En ce qui concerne Gaspard de la nuit, on retrouve le génie de Ravel dans cette façon qu'il a de décrire une situation, des personnages, une ambiance. Et cela colle exactement avec les poèmes de Aloysius Bertrand. On imagine aisément la voix d'Ondine, mi-ange, mi-démon dans la premère pièce, le pendu qui se balance au soleil couchant dans le Gibet, le petit diable angoissant dans Scarbo. Quand je travaille ces pièces, je relis souvent ces textes qui se trouvent imprimés au début de chaque partie. Et alors, la façon d'écouter ou de réécouter se transforme, et on ne voit plus ce monument comme une pièce pianistique mais bien comme une illustration de l'expression d'un sentiment ou d'une peinture.

Comment s'est passé votre enregistrement ?
J'ai eu l'occasion de rôder de nombreuses fois les oeuvres que j'ai enregistrées. Et c'est primordial pour être à l'aise devant les micros. L'exercice de l'enregistrement est vraiment très spécial et n'a rien à voir avec le concert. Il faut garder un naturel et un engagement maximum à chaque prise, même s'il arrive de buter sur un pasage qu'on voudrait parfait et qui ne fonctionne pas. Pendant l'enregistrement, je suis un peu le même que pendant mon travail, je n'aime pas rabâcher. Le anectotes sont nombreuses de musiciens, qui, après avoir répété pendant des heures le même passage, finissent par choisir la première prise.

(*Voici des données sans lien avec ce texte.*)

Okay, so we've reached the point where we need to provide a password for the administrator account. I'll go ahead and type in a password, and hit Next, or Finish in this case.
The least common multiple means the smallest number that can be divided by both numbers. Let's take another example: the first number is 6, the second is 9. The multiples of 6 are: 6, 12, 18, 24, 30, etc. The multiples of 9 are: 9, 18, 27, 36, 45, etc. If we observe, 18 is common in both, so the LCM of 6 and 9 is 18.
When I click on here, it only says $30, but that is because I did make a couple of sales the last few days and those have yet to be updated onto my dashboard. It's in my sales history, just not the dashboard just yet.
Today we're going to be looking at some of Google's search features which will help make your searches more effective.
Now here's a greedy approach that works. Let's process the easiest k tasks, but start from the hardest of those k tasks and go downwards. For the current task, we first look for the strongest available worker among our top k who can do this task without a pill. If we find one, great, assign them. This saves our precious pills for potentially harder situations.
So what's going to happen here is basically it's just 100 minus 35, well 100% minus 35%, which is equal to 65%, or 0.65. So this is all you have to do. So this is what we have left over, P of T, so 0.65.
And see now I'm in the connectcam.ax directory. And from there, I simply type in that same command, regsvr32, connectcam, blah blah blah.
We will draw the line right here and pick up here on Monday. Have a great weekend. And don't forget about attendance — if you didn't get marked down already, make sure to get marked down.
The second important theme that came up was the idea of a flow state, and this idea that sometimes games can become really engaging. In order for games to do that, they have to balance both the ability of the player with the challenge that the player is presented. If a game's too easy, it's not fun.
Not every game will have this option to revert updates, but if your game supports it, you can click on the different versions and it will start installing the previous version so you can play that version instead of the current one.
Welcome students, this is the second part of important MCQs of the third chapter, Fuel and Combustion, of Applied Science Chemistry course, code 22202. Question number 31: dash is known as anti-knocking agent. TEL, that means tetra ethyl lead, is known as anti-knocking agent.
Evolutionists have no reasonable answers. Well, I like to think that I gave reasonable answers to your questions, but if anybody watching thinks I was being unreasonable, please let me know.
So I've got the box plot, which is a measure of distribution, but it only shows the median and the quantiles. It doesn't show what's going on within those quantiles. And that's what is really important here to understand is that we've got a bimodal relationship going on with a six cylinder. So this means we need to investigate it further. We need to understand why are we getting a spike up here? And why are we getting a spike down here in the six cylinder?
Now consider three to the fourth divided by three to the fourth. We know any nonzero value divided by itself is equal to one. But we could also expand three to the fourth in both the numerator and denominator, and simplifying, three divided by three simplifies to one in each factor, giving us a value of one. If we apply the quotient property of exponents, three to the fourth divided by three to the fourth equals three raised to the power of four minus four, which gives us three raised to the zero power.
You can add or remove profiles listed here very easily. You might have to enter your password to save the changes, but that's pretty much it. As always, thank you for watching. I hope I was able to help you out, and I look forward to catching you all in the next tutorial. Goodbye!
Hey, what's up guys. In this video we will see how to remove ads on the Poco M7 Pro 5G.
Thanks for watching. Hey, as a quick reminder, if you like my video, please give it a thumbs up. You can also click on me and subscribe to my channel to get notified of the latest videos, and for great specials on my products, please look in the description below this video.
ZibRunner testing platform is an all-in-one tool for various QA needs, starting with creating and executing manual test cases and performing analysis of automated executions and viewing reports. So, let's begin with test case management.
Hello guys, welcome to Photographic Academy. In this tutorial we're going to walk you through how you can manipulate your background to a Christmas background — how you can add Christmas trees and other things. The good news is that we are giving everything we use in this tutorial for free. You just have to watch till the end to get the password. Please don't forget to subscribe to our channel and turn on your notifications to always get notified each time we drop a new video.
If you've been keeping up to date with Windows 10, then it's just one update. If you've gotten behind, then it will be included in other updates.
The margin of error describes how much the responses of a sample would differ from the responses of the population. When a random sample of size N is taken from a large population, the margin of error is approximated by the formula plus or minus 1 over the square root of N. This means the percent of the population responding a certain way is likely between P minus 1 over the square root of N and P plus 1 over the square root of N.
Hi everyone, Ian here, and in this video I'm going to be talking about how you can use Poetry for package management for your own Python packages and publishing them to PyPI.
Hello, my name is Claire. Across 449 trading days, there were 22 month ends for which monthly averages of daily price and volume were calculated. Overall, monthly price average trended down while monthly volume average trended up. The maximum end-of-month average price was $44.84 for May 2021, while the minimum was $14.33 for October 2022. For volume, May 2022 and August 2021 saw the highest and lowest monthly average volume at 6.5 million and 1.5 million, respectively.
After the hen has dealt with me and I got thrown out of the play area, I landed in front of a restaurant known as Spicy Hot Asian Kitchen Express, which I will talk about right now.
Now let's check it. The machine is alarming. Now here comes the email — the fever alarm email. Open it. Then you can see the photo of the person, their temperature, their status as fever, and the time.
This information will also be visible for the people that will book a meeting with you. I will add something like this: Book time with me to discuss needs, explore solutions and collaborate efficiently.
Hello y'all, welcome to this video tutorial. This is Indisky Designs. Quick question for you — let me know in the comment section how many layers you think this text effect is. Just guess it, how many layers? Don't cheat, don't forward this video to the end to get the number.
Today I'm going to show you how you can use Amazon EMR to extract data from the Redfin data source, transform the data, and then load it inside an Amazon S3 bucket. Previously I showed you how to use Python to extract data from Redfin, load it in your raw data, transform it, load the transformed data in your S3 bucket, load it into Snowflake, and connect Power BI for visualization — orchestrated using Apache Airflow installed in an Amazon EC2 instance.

En même temps, l'inverse est parfois vrai. Et c'est en réécoutant que l'on prend conscience que tel tempo, telle articulation ou tel dosage de pédale est le meilleur.
Parfois, le mieux est de faire une prise complète, dans la situation d'un concert. C'est ce qui s'est passé pour la Valse. L'ingénieur du son a laissé tourner l'enregistrement et avec le technicien du piano et le responsable de Kawai, ils sont venus s'asseoir pour écouter. Je l'ai enchainé deux fois, et finalement, seulement très peu de petites retouches ont été nécessaires. A nous d'avoir suffisamment confiance dans l'écoute du directeur artistique qui a une oreille neuve et extérieure, et qui convainc souvent que quelques fausses notes sont sans importance si l'élan et l'engagement musical sont là. Ce qu'il faut se dire, c'est que l'enregistrement n'est qu'une photographie d'une interprétation à un instant donné. Et que bien sûr chaque version sera différente d'un jour à l'autre mais il faut être le plus investi possible dans chaque prise et oublier l'idée que ça pourrait être toujours mieux. Ce sera toujours différent.
Pour le Gibet par exemple, là aussi, j'ai enchainé des prises complètes et il n'y a pas eu de montage possible, tant l'atmosphère est lourde, sombre et immobile. Je pense que les montages n'auraient fait que casser cette ambiance
La valse présente effectivement une part d'improvisation qui complexifie le travail de l'interprète...
Ce que j'ai beaucoup aimé dans la Valse, c'est que j'ai choisi d'abandonner parfois la partition de piano seul, pour finalement faire une version à partir de la partition d'orchestre. C'est un travail passionnant que j'ai beaucoup pratiqué dans la classe d'accompagnement. Et alors, ce que je disais sur la façon de penser le piano comme un orchestre prend tout son sens. J'ai dû faire des choix pour rajouter des parties, en éliminer d'autres, simplement pour que cela sonne correctement. Et l'avantage de ces arrangements est qu'on peut les écrire de la façon la plus commode pour nous techniquement.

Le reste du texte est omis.